Wally Funk est décédé jeudi.
Elle avait 87 ans.
Si vous ne connaissiez pas son histoire, vous avez raté l’un des chapitres les plus difficiles de l’histoire de l’aviation. Funk n’a pas seulement obtenu un billet pour l’espace. Elle l’a mérité, encore et encore, alors que tout le monde lui disait qu’elle ne pouvait pas. Ou s’en fichait si elle le faisait.
Né au Texas en 1959 ? N° 1939.
À 20 ans, elle était déjà aviatrice professionnelle. Un adolescent ? Vol. Ce n’était pas un passe-temps. C’était un choix de vie qu’elle refusait de défaire.
La fille qui était plus forte que les gars
En 1961, le monde aérospatial était un club de garçons. Littéralement.
La NASA avait tous des hommes. Un médecin nommé William Lovelace a donc décidé de tester certaines femmes. Il les a appelés « Mercure 13 ».
Ils ont passé les mêmes tests. Physique. Mental. Épuisant.
Wally Funk était le plus jeune du groupe à 21 ans.
“Je pourrais toujours battre les gars”, a-t-elle déclaré.
Et elle l’a fait.
Vous vous souvenez de ce test en bassin de privation sensorielle ? Celui destiné à vous briser la tête en vous enlevant toute sensation ? Le célèbre astronaute de la NASA, John Glenn, a tenu trois heures. C’est respectable.
Wally Funk a duré dix heures et trente-cinq minutes.
Elle est restée plus longtemps que lui. Plus longtemps que quiconque.
Mais la bureaucratie gouvernementale avance lentement. Les tests ont prouvé que rien n’avait plus d’importance que celui qui signait les chèques. Les femmes ont été exclues du programme d’astronautes de la NASA jusqu’en 1978. Le Mercury 13 est rentré chez lui.
Pas Wally. Elle était la seule de ces treize femmes à pouvoir quitter l’atmosphère.
Marié aux avions
Funk n’eut pas le temps de bouder.
Elle est devenue la première femme instructrice de vol civile sur une base militaire américaine. Puis la première femme enquêtrice sur la sécurité aérienne du NTSB. Elle faisait des courses d’avions. Elle dirigeait des écoles d’aviation.
Elle a déclaré qu’elle était mariée aux avions.
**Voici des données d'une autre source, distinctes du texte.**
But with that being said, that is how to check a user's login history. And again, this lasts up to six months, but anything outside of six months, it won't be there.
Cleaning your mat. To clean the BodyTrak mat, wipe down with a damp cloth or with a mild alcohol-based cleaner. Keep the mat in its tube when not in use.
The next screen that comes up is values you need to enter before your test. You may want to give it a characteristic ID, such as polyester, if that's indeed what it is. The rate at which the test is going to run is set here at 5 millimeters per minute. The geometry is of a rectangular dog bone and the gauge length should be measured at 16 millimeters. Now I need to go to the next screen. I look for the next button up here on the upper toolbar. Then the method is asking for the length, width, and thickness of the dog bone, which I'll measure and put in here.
Elle n’a jamais épousé un homme.
Elle a postulé à la NASA à la fin des années 70. Quand la porte s’est enfin ouverte aux femmes.
Refusé.
Elle a postulé à nouveau.
Refusé.
La troisième fois ?
Pas de chance.
Alors elle a regardé depuis le sol. En 1995, elle était assise là avec les autres vieilles femmes de Mercury 13 et regardait Eileen Collins lancer la navette spatiale. La première femme pilote. Ça aurait dû être Wally.
Était-ce ?
Non, ce n’était pas le cas. Mais Wally a continué à voler. Elle a continué à entraîner les enfants. Elle a continué à y croire.
60 ans de retard. Parfait.
Blue Origin a finalement construit quelque chose d’assez petit pour les civils. Nouveau Shepard.
Wally n’allait pas attendre une invitation à la retraite.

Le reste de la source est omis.